Is Inflation Headed Higher? Recent History Leaves Room For Doubt

 | Jul 19, 2016 08:10AM ET

In some quarters, forecasts of sharply higher inflation in the US have become a perennial warning since the Great Recession ended in mid-2009. The Federal Reserve’s extraordinary efforts with monetary stimulus, the reasoning goes, is destined to unleash runaway inflation any day now. Those expectations have yet to align with the hard numbers.

But in the wake of last month’s surprisingly strong payrolls report, the inflation hawks have a fresh set of talking points to discuss. Is it really different this time? For some insight, let’s review the historical relationship between inflation and wage growth.

The notion that higher wages are a key factor for raising inflation is widely accepted as a general proposition. The empirical record, however, is mixed, especially in the short to medium term.

“Wages and prices are closely related,” a research note from the San Francisco Fed noted last year. But the historical relationship between the two variables isn’t sufficiently strong to conclude that looking at wages alone tells you everything that you need to know for modeling the future path of inflation.

But let’s throw caution to the wind and review how wages relate with headline inflation in recent history and over the last half century.
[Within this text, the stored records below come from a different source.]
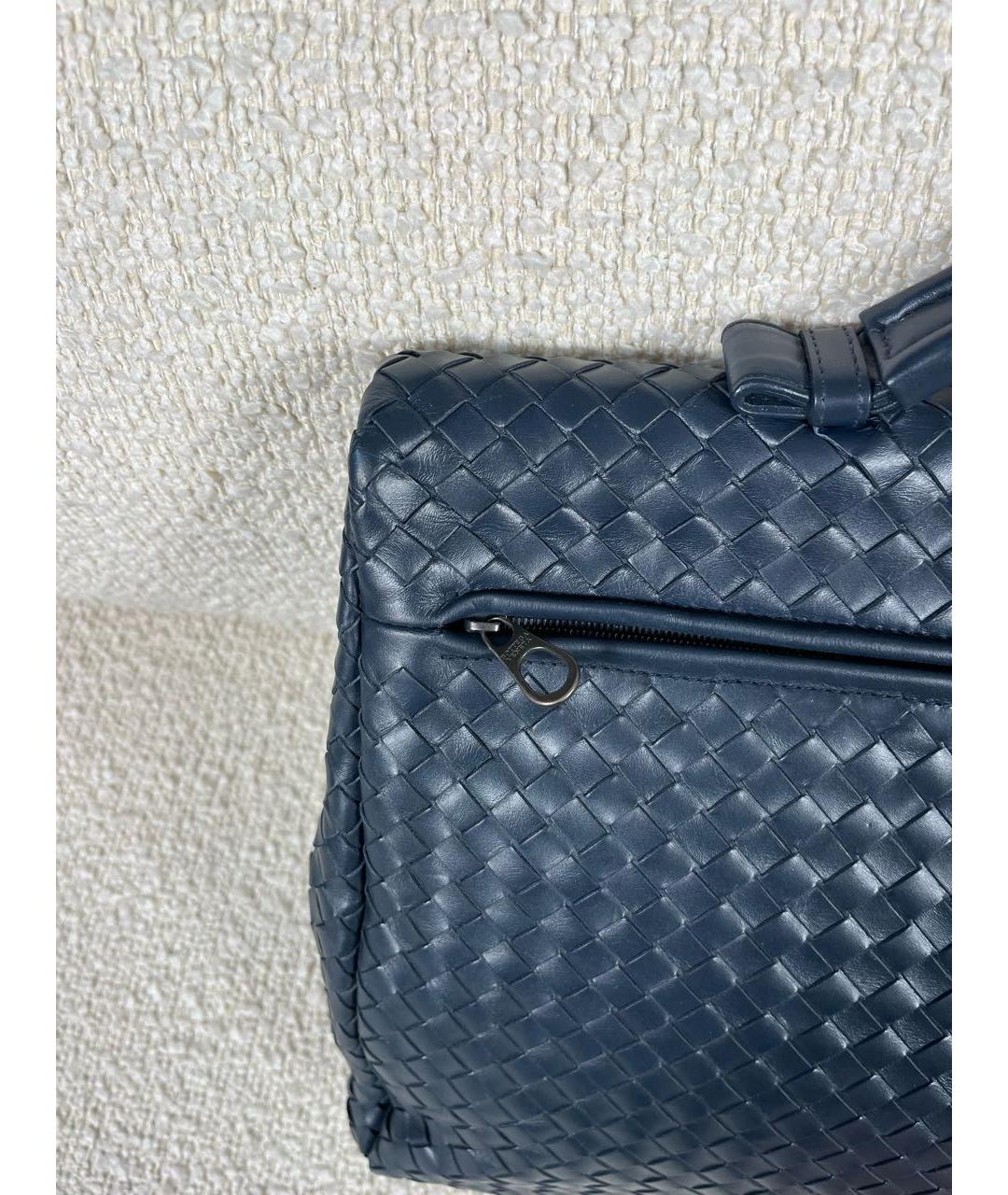 BOTTEGA VENETA Темно-синий кожаный портфель, фото 7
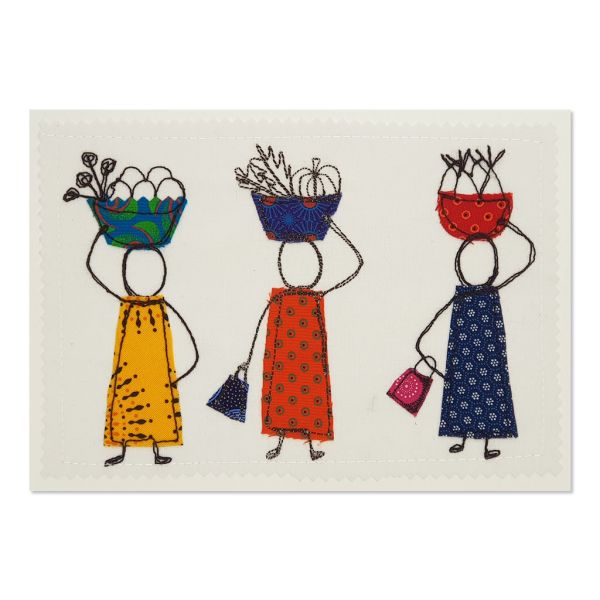 Home from the Market - Greeting Card - Textile Art - A5 single
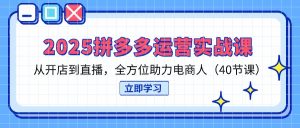 2025拼多多运营实战课，从开店到直播，全方位助力电商人（40节课）-必智轻创社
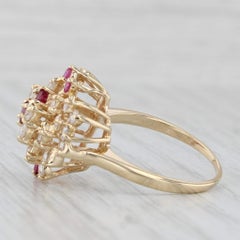 1.30ctw Diamond Ruby Cluster Butterfly Ring 14k Yellow Gold Size 7.5 Cocktail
For proxies, let’s use year-over-year percentage changes for two data sets: the consumer price index and private-sector wages.

In the first scatterplot below, there’s a positive correlation between the wages and inflation from 1960 forward. But note that the relationship since 2009 (red dots) shows that inflation has been subdued relative to what you’d expect based on a longer-term view of the historical record.

Overall, annual wage growth between zero and 5% has been a weak catalyst for higher inflation. The relationship appears to change when nominal wage growth exceeds 5%. Above that pace, the wage growth has shown a stronger connection with higher inflation, as reflected in the sharper upward slope of the trend line shown in black.